Tom Finney in 1951Tom Finney in 1951
Tom Finney in 1951

Finney had a Scottish football education at the hands of the 1938 squad to whom he looked up as a young North End reserve. He broke through as a 16-year-old in the 1941 War Time Cup-winning squad, where he formed a precocious right wing with another future Scottish cap, Andy McLaren, and there was a tartan tinge to how he played.

Sammy Cox, the Rangers full-back who had some of his hardest games in his long career as Finney’s direct opponent, remains a fan.

Cox went head-to-head with the Preston man three times in full internationals and insists: “Finney was a more difficult opponent than Stanley Matthews. You knew how Stanley wanted to beat you and what he would do if he did, but, with Tom, you never had that luxury, he could beat you in more ways”.

Two of North End’s Scottish legends, Shankly and Docherty, didn’t agree about much when they were rival managers, but, on the subject of Finney, they are as one, both insisting he was the greatest player they ever saw. The Tartan Army loved him, even when he was inspiring England to Hampden wins, because, then, as now, they recognised class.

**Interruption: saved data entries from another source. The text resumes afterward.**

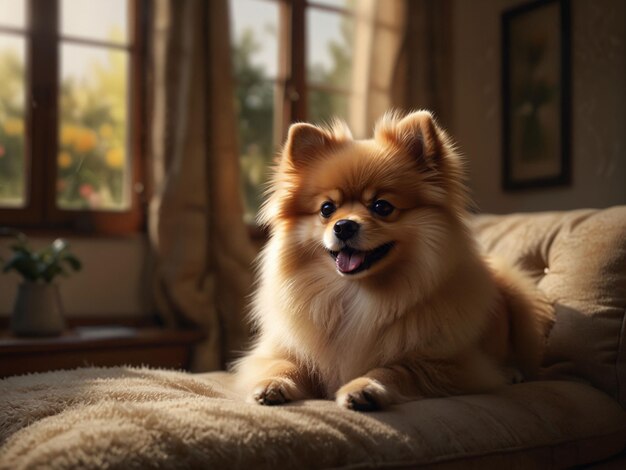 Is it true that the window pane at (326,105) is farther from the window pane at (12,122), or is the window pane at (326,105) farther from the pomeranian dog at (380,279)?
the pomeranian dog at (380,279)

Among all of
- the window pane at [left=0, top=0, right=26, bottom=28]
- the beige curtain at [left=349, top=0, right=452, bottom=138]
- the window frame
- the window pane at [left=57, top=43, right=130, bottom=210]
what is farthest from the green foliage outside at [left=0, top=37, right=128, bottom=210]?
the beige curtain at [left=349, top=0, right=452, bottom=138]

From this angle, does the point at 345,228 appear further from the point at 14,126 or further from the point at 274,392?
the point at 14,126

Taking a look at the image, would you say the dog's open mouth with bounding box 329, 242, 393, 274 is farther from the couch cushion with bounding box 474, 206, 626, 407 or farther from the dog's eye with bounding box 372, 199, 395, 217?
the couch cushion with bounding box 474, 206, 626, 407

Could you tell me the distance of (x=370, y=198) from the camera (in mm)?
1612

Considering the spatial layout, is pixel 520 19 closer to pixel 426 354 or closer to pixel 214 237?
pixel 214 237

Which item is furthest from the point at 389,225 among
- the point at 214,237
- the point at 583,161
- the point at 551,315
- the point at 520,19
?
the point at 520,19

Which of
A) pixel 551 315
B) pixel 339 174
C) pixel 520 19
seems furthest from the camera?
pixel 520 19

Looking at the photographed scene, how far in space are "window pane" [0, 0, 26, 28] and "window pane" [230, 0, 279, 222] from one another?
1058 mm

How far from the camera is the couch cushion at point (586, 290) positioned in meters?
1.73

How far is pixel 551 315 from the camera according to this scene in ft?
6.22

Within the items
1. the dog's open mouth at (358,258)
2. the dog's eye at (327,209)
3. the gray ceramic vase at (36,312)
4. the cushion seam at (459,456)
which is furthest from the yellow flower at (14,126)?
the cushion seam at (459,456)

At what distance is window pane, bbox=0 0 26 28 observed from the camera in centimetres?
296

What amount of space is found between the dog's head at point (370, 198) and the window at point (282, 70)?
1851 mm

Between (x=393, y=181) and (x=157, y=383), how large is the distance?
78 centimetres
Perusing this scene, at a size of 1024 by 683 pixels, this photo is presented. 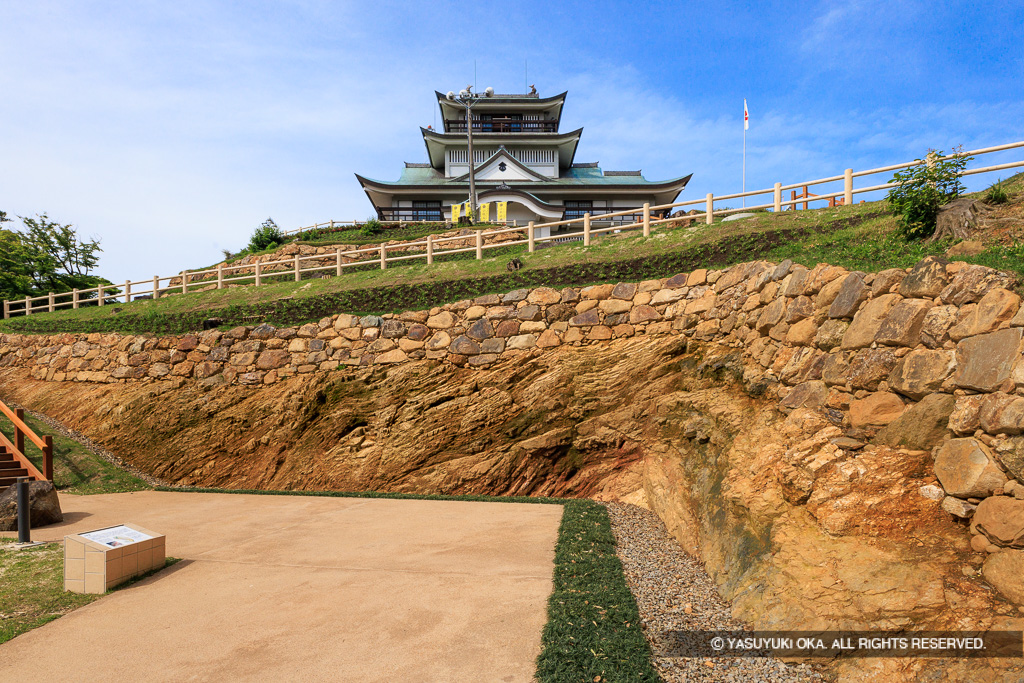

We wish he had been one of us. But, those who saw him in the flesh can conjure up a mental picture, which the grainy, flickering black and white film of the time cannot adequately convey, of a genuine football thoroughbred, a plumber who played a bit of football – better than most.

We should leave the last words to Docherty, the club-mate who was not above trying to kick Finney into submission when their paths crossed on the international field. In the 1957 Wembley match, in which Finney wore the number nine shirt for England and the Saxons won 2-1, Docherty left Finney limping after one over-robust challenge. Back at Deepdale on the Monday, he was summoned to the board room, where the chairman was all set to fine him for injuring the club’s star man. However, Finney intervened, persuading the chairman that the hurt the Doc was feeling after the defeat was greater than his hurt from Docherty’s kick.

In his post-management career as an after-dinner speaker, Docherty had some great Finney quotes, not least when asked if one of Finney’s successors in the number seven Preston shirt, one David Beckham, was as good a player as Finney.

“Perhaps,” was the Docherty response. “But, you have to remember, Tom is in his 80s now and not quite the force he was”.

He was a wonderful player, we will not see his likes again.